A total of 43 school zone sites will now allow mobile speed cameras in an attempt to reduce speeding and improve road safety around schools, Minister for Road Safety Shane Rattenbury said. Gold Creek School is the only school in Gungahlin where a mobile speed camera can be used.
“Last year the ACT Government announced it would expand the number of locations where mobile speed vans could be located, including allowing them in school zones for the first time,” said Mr Rattenbury.
“The initial expansion included 52 additional sites, and focused on sites with a history of crashes. This year the expansion is focusing on school zones.
“Children are our most vulnerable road users and people who speed in school zones put children’s lives at risk.
“When I speak to parents and teachers at schools, one of the biggest concerns they have is road safety.

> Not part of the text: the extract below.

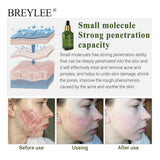 Anti-acne facial serum before and after
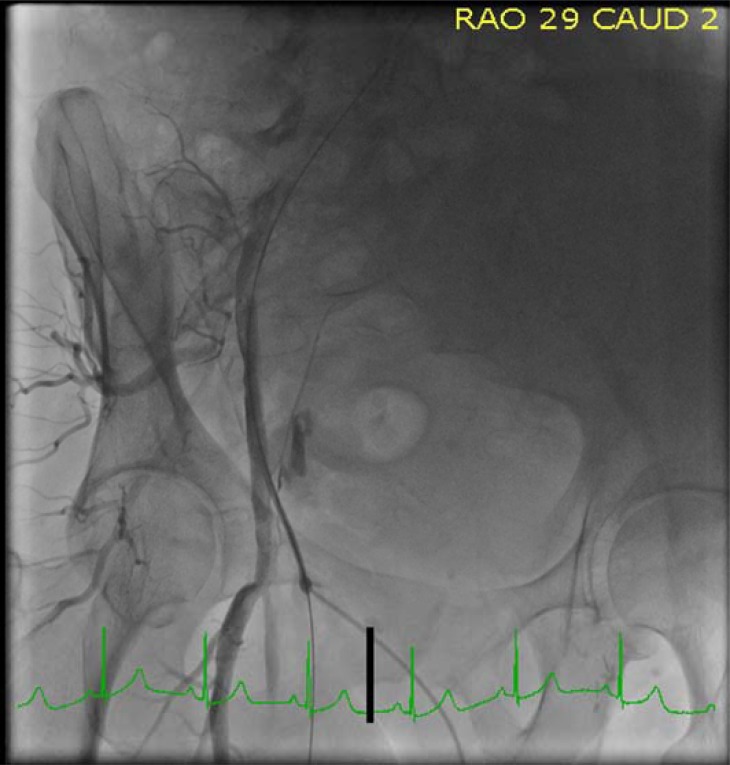 Fig. (1)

“The 40km/h speed limits in place around school zones aim to provide a safe environment for our children.
“Children do not have the developmental skills to make the crucial decisions to keep them safe when crossing the road. If a child runs onto the road 30 metres ahead of you while you’re driving at 50km/h in a school zone, you won’t be able to stop in time.
“We must ensure we have measures in place that deter and penalise those who break the law and put lives at risk by speeding.

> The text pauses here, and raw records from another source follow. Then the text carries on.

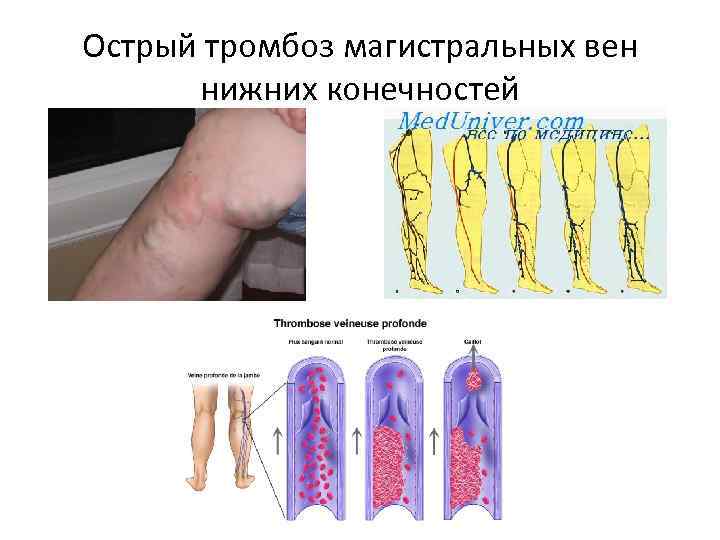 Острый тромбоз магистральных вен нижних конечностей 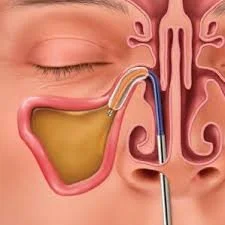 Medical illustration of the Ballon Sinuplasty procedure for runny noses. A procedure that Dr. Yerukhim can perform in the office with excellent results and utmost patient comfort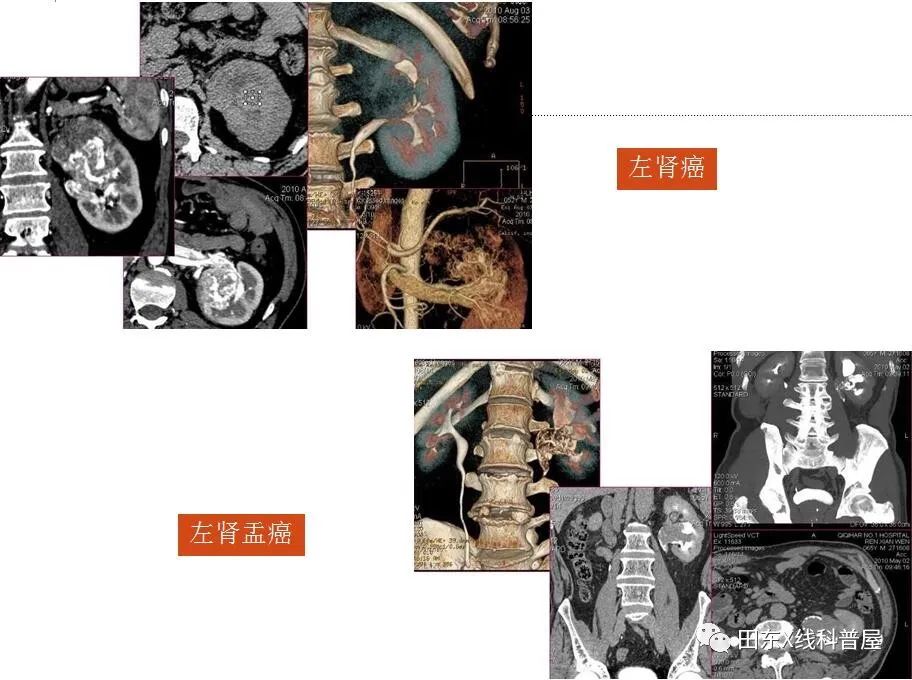 【走近影像】ct检查小科普，什么是ctu？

“Mobile speed vans are a proven deterrent when it comes to speeding and it makes sense that we should allow these in schools zones, which is why I introduced regulation changes last year to support the use of mobile speed cameras on any road in the ACT.
“Schools across Canberra are now being assessed in order to confirm their suitability for mobile speed vans. The remaining 50 school sites will be assessed this year, and if suitable they will become part of our mobile camera expansion program.“Mobile speed cameras have been deployed to school zones over 200 times since the launch of school zone operations in October last year. Over this period the cameras have checked the speed of over 80,000 vehicles with 1,177 camera detected speeding infringements being issued.

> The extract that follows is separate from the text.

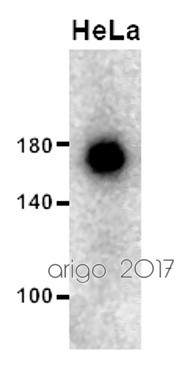 Anti-MSH6, clone SQab1720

“The highest speed detected was 40km/h over the posted speed limit at Radford College.”
“The key focus of the ACT Road Safety Action Plan 2016-2020 is to improve road safety for vulnerable road users, including addressing driver behaviour and road safety in and around our schools.
“Mobile cameras are just part of a range of new measures to improve road safety at schools. Other measures include the Active Streets Program which involves the use of 30km/h speed zones around high risk schools and dragon’s teeth road markings to further alert drivers on entry to school speed zones.
“The ACT Government works with schools and ACT Policing to ensure that we address risk taking behaviour around schools,” Mr Rattenbury said.
All mobile speed camera locations can be found at www.justice.act.gov.au.